Prenons un exemple concret. Il m’arrive d’encadrer des stages de formation continue pour les enseignants. Ces stages se déroulent actuellement en présentiel sur deux jours. Ce qui je vous l’accorde est très court pour penser modifier les pratiques d’enseignement en profondeur. Admettons que pour plus d’efficacité, j’organise une journée où je précise le travail à effectuer. Les enseignants travaillent quelques semaines en s’appuyant sur des modules complémentaires de formation que je leur propose en fonction de leurs difficultés. Ils produisent à terme une production relative à l’organisation de leur enseignement qu’il me dépose dans une zone de dépôt. Je m’engage à réguler ce travail. A l’issue de cette phase je propose une journée de synthèse. Dans cette deuxième phase, le temps de travail n’est pas le même ni pour les stagiaires, ni pour le formateur. Le présentiel n’est significatif de rien, ni pour les formés, ni pour les formateurs.
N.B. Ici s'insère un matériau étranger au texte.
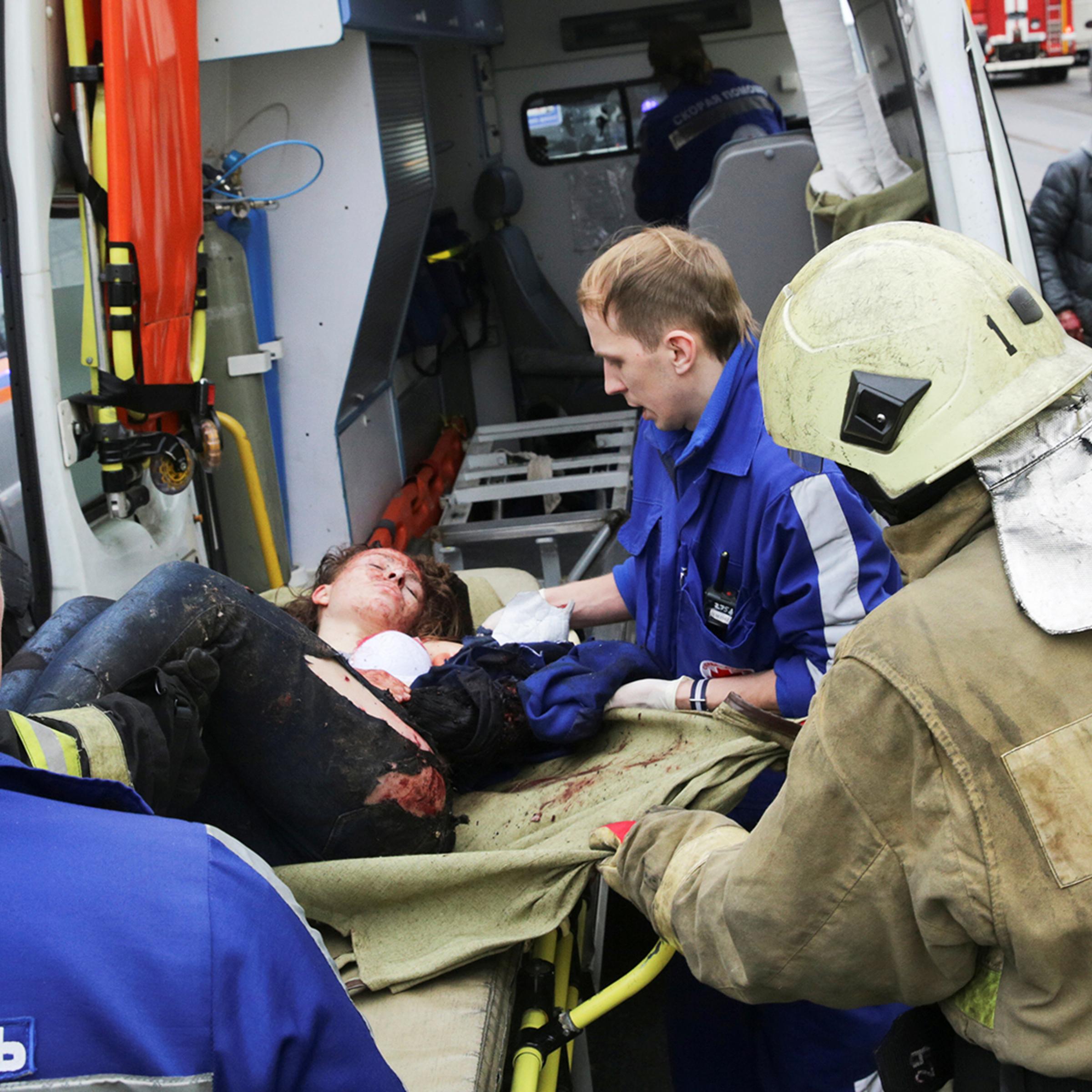 An injured person is helped by emergency services outside Sennaya Ploshchad metro station following explosions in St. Petersburg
Le rapport au temps est changé. Les temps de formation sont dilatés.

Il est dès lors tout à fait légitime, voir incontournable de se poser la question du temps de travail étudiant. En 3e année dans mon université les étudiants ont 26 heures de cours réparties sur 4 jours, le 5e jour ils sont en stage. Les étudiants ont donc 6 à 7 h de cours par jour. Si chaque discipline fonctionne  en proposant des tâches complexes à réaliser et, en même temps, complémente le dispositif par des modules complémentaires obligatoires  se faisant en dehors des cours, le temps dont dispose l’étudiant pour travailler va vite devenir insuffisant. Dans ma formation,  il est impossible pour l’étudiant de tout faire. Il est obligé de faire des choix, de délaisser certains modules… Le nombre d’heures en présentiel ne veut donc plus rien dire et il est absolument  nécessaire d’estimer la charge de travail totale de l’étudiant pour juger de la faisabilité d’une formation. Le système de crédit est d’ailleurs conçu à la base dans cet esprit puisque 1 crédit représente entre 20 et 25 h de travail étudiant. En France pourtant on semble ne pas prendre en compte ce principe. 

Qu’en est-il du temps de travail enseignant qui lui aussi est calculé sur une base de présentiel. Le fonctionnement en tâche complexe entraîne souvent une augmentation du temps de régulation pour l’enseignant, le travail par module complémentaire va nécessairement impliquer un important travail de conception. Non seulement donc l’enseignant doit maîtriser le contenu de son cours (ce qu’il faisait déjà dans une approche par les savoirs), mais il doit en plus réguler la tâche complexe, et peut-être concevoir des modules complémentaires de formation. Là encore le temps en présentiel ne veut plus rien dire. Le présentiel n’est plus, et de plus en plus, que la partie visible de l’iceberg, or c’est bien sur cette partie visible qu’est comptabilisé le temps de travail des enseignants. Cela ne tient pas. Pourquoi ne pas admettre un calcul différent du temps de travail. En différenciant de manière responsable et réfléchi le temps de conception, le temps en présentiel, et le temps de régulation comme le font les formations entièrement à distance.  Cela existe au Canada, en Belgique pourquoi pas en France.

L’approche par compétence nécessite de concevoir d’autres formes de travail. Pour que les innovations soient possibles il est nécessaire de remettre à plat le calcul du temps de formation, pour les étudiants mais aussi pour les enseignants.